Hacker News new | ask | show | jobs
by drewg123 3397 days ago
The important thing here, from my perspective, is how NUMA-ish a single socket configuration will be. According to the article, a single package is actually made up of 4 dies, each with its own memory (and presumably cache hierarchy, etc). While trivially parallelizable workloads (like HPC benchmarks) scale quite well regardless of system topology, not all workloads do so. And teaching kernel schedulers about 2 levels of numa affinity may not be trivial.

With that say, I'm looking forward to these systems.

1 comments

Intel's largest CPUs are already explicitly NUMA on a single socket. They call it Cluster On Die: http://images.anandtech.com/doci/10401/03%20-%20Architectura...
Very true, I should have mentioned that. At least for us, COD doesn't seem to impact our performance at all, while NUMA does. I'm hoping that Naples is the same for us.

However, there is an important difference. AMD seems to be putting multiple dies into the same package, whereas Intel seems to have (as the Cluster on Die name implies) everything on the same die.
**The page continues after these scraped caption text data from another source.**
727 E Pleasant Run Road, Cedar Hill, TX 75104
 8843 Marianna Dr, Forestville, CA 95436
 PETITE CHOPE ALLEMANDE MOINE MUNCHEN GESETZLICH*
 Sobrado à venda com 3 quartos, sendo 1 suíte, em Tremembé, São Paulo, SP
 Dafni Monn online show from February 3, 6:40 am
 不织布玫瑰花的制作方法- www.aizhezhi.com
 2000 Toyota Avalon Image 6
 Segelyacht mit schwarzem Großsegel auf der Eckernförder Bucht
So my fear is that the interconnect between dies may not be fast enough to paper-over our NUMA weaknesses.

Sounds like your application is latency sensitive, and not bandwidth sensitive, take a look at the graphs towards the end of this article:

https://www.starwindsoftware.com/blog/numa-and-cluster-on-di...

There's not much difference in memory bandwidth between crossing domains on the same die (COD) vs crossing domains system wide (accessing memory for a different socket). What kind of computation are you running?

I'm talking about Netflix CDN servers. The workload is primarily file serving. The twist is that we use a non-NUMA aware OS (FreeBSD).

We're not latency sensitive at all. The problem we run into with NUMA is that we totally saturate QPI due to FreeBSD's lack of NUMA awareness.

The results you link to don't match with what we've seen on our HCC Broadwell CPUs, at least with COD disabled. Though we only really look at aggregate system bandwidth, so potentially the slowness accessing the "far" memory on the same socket is latency driven, and falls away in aggregate.